[The Seven Great Monarchies Of The Ancient Eastern World, Vol 5. (of 7): Persia by George Rawlinson]@TWC D-Link bookThe Seven Great Monarchies Of The Ancient Eastern World, Vol 5. (of 7): Persia CHAPTER I 24/73
The rivers of the country are for the most part mere torrents, which carry a heavy body of water after rains, but are often absolutely dry for several months in succession.
Water, however, is generally obtainable by digging wells in their beds; and the liquid procured in this way suffices, not only for the wants of man and beast, but also for a limited irrigation. The Great Plateau which has been here described is bordered everywhere, except at its north-eastern and north-western corners, by low regions. On the north the lowland is at first a mere narrow strip intervening between the Elburz range and the Caspian, a strip which has been already described in the account given of the Third Monarchy.
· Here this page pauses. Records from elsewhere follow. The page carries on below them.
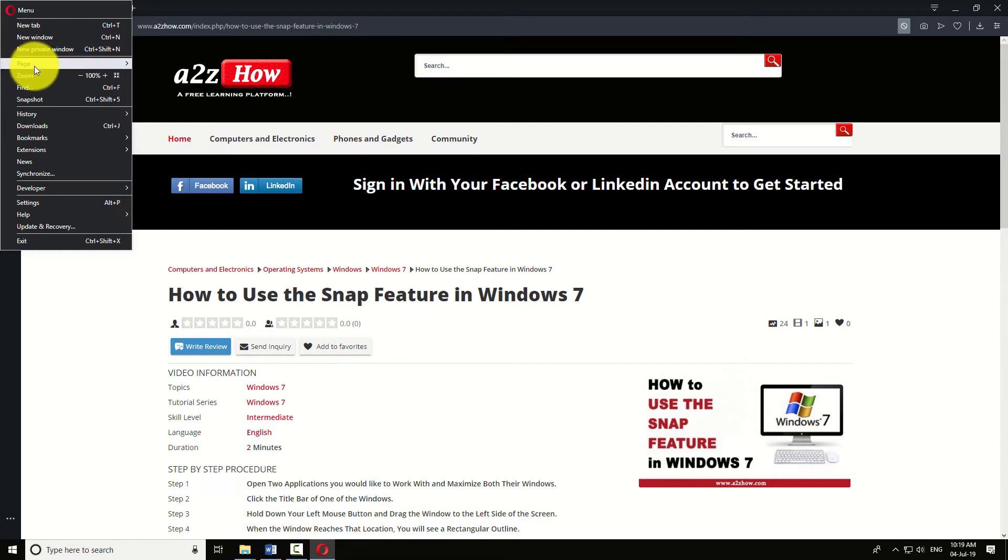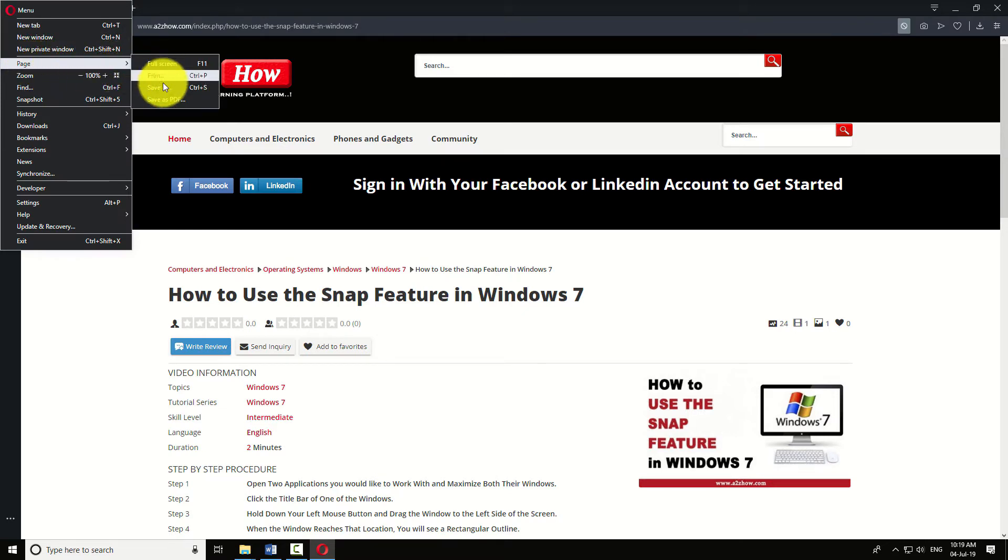Hover your mouse over the page option to open a submenu. Click on save as PDF.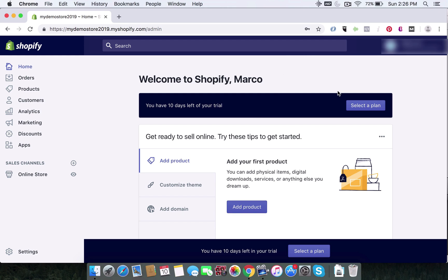We've entered the Shopify backend panel through a web browser. Now we're going to take a look at logging into your Shopify from your mobile phone. You will need the mobile phone app for this. You can get the iOS or Android app depending on what sort of phone you have. You need to head over to the app store to download this — I think it's a very straightforward task.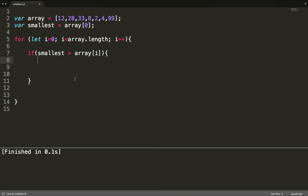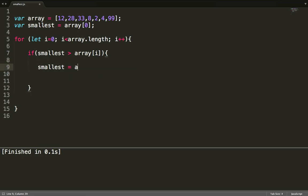Let's walk through this. Our assumption is that the smallest is the first element, which is 12. First iteration: is 12 smaller than 12? That is not true, so we move on. Next iteration, 28: is 28 smaller than 12? Not true, move on. Next, 33: is 33 smaller than 12? Not true. Next, 8: is 8 smaller than 12? That is absolutely true, so we store 8 as the new value of 'smallest' instead of 12.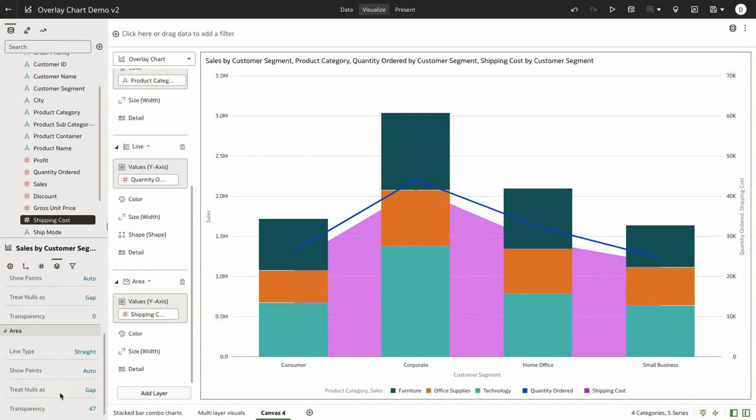Overlay charts are really an advanced version of combination charts that allows the user to build complex multi-layer visuals and represent the data in a more appealing way.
Where, however, the Caspian ends, its shore trending away to the northward, there succeeds to this mere strip of territory a broad and ample tract of sandy plain, extending from about the 54th to the 68th degree of east longitude--a distance of 760 miles--and reaching from the 36th to the 50th parallel of north latitude--a distance not much short of a thousand miles! This tract which comprises the modern Khanats of Khiva and Bokhara, together with a considerable piece of Southern Asiatic Russia, is for the most part a huge trackless desert, composed of loose sand, black or red, which the wind heaps up into hills.
Scarcely any region on the earth's surface is more desolate.
The boundless plain lies stretched before the traveller like an interminable sea, but dead, dull, and motionless.